Bill Clinton, George HW Bush, Donald Trump, Al Franken, Roy Moore, Kevin Spacey, Harvey Weinstein, Louis C.K., Mark Halperin. That’s an off-the-top-of-my-head list of powerful and influential men accused of sexual harassment or inappropriate behavior (like pinching butts during photo ops). Sadly, the list of men who have abused their positions of power in this way would be pages long if I were to do the research, and it will undoubtedly keep growing because men in power will continue to behave this way.
What is changing, hopefully, is that their victims are refusing to stay silent. If that causes men to pause and worry about their every interaction with the people over whom they have some power or influence, then so be it.
For as long as I can remember the places I’ve worked have had a no-closed-door policy for one-on-one meetings between members of the opposite sex unless there’s a large window that allows others to see into the room. The reasons for that are easy enough to understand, and most people I’ve met who manage other people follow that rule pretty closely.
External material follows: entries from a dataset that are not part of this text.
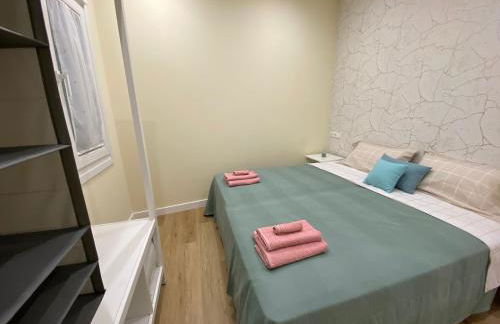 Suite Lorenzo Velasco - Foto 23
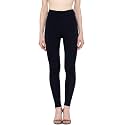 Kazo Camarie Jegging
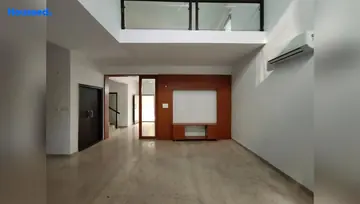 Project Image of Commercial Office Space for Rent in Gachibowli, Hyderabad - Image 28238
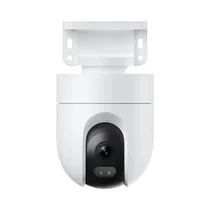 Câmera IP Externa Xiaomi CW400 BHR7624GL IP66 Wifi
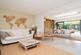 Summerfield Avenue, Whitstable, CT5 photo 2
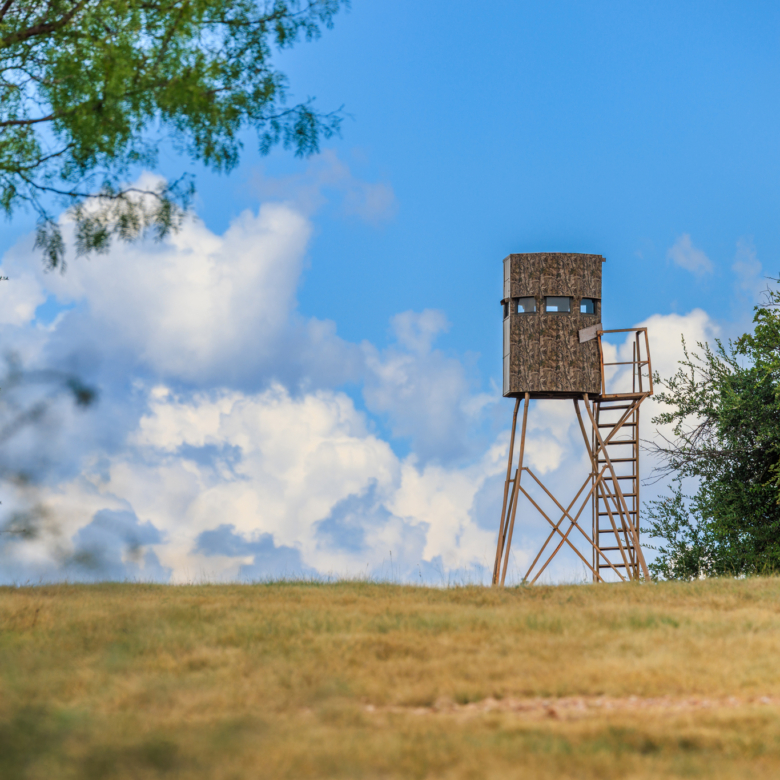 200± Acres | Llano County, Texas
There is, however, one custom that is not ubiquitous but is widespread enough, that I think we need to address it in the context of sexual harassment or inappropriate behavior: hugging in a business environment. While hugging is not my preferred mode of greeting anyone to whom I’m not related or very good (personal) friends with, I’m often confronted with offered hugs at business meetings. It could be at a conference, or a lunch meeting, or even a regular meeting: there’s often someone who wants to hug and I’m put in the no-win position of offending them if I refuse to hug, or giving a hug that makes me feel awkward.
Now, this is nothing new for me. I didn’t grow up in a huggy family, so when I went to college and suddenly had girls I barely new offering up hugs I wasn’t sure what to do about it. That feeling has continued throughout my career, and now I’ve come to believe that some people sense it because they shake hands with me while hugging the person standing next to me, which I’m totally good with. So, not hugging is actually my default preference.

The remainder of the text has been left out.